Ovesco completed an initial stage 1 RCEF grant-funded feasibility study for a new solar farm in the Lewes district, followed by a stage 2 RCEF grant to take the Ouse Valley Solar Farm through to planning stage. We’ve worked with engineering company Buro Happold and Communities for Renewables during the feasibility stage, and their professional support as well as legal and project development skills have been invaluable. We aim to start construction in 2022-23 if planning permission is granted. The project will be partially funded by a community share offer of around £1M.
In addition to energy production, the farm will also support biodiversity and is designed to allow small animals, birds, insects, and other wildlife to flourish. We are also committed to supporting the local economy by using local suppliers wherever possible during construction.
This is Ovesco’s biggest and most complex community energy project to date, and the first time we have started from scratch. From obtaining landowner permission and getting the grid offer to moving through the planning process and engaging early community responses, much of the work to date has been undertaken by the company directors as volunteers or paid for through our existing successful projects. We are lucky to have a highly skilled team – experienced in developing solar farms – who have steered and de-risked the project at every stage. With the support of Lewes District Council and the RCEF grant funding, we believe we have the backing, confidence, and skills to make this project a success.
Useful learnings from Ovesco
Understand every part of the process – Any community energy group embarking on a project such as a solar farm must secure feasibility funding, an agreement with a landowner, a grid connection offer, and additional funding or a loan. Engage experts and specialists to ensure you have the skills you need to succeed.

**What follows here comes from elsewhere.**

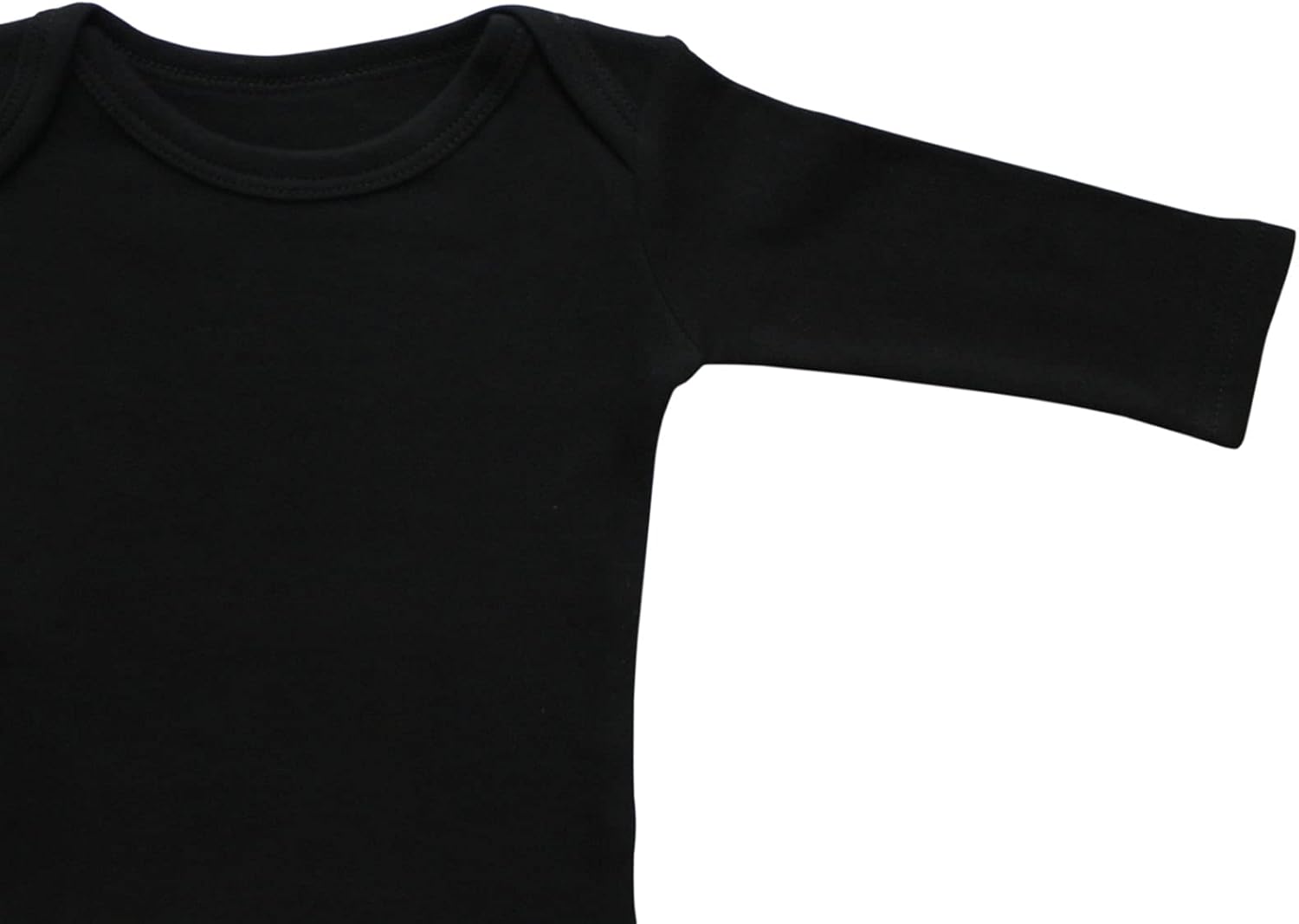 3 Pack Unisex Baby Long Sleeve Romper 100% Cotton Solid Color Infant Bodysuit, Newborn-24 Months - Image 4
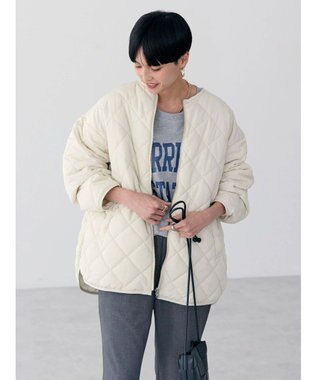 AMERICAN HOLIC 軽ポカリバーシブルキルティングコート Ivory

Reach out for local and national support – There are a number of groups that provide expert advice and resources to support community energy groups. Community Energy South does a range of online masterclasses that we would highly recommend. These organisations can also help to connect you with opportunities for grant funding.
Think about scale – With the feed-in tariff no longer available you need to either work with an existing community energy group or work at a scale that makes projects viable and sustainable. Think about the lifetime of the project and how you will engage the people needed to keep it running day-to-day.
Number of homes powered (over 4,000).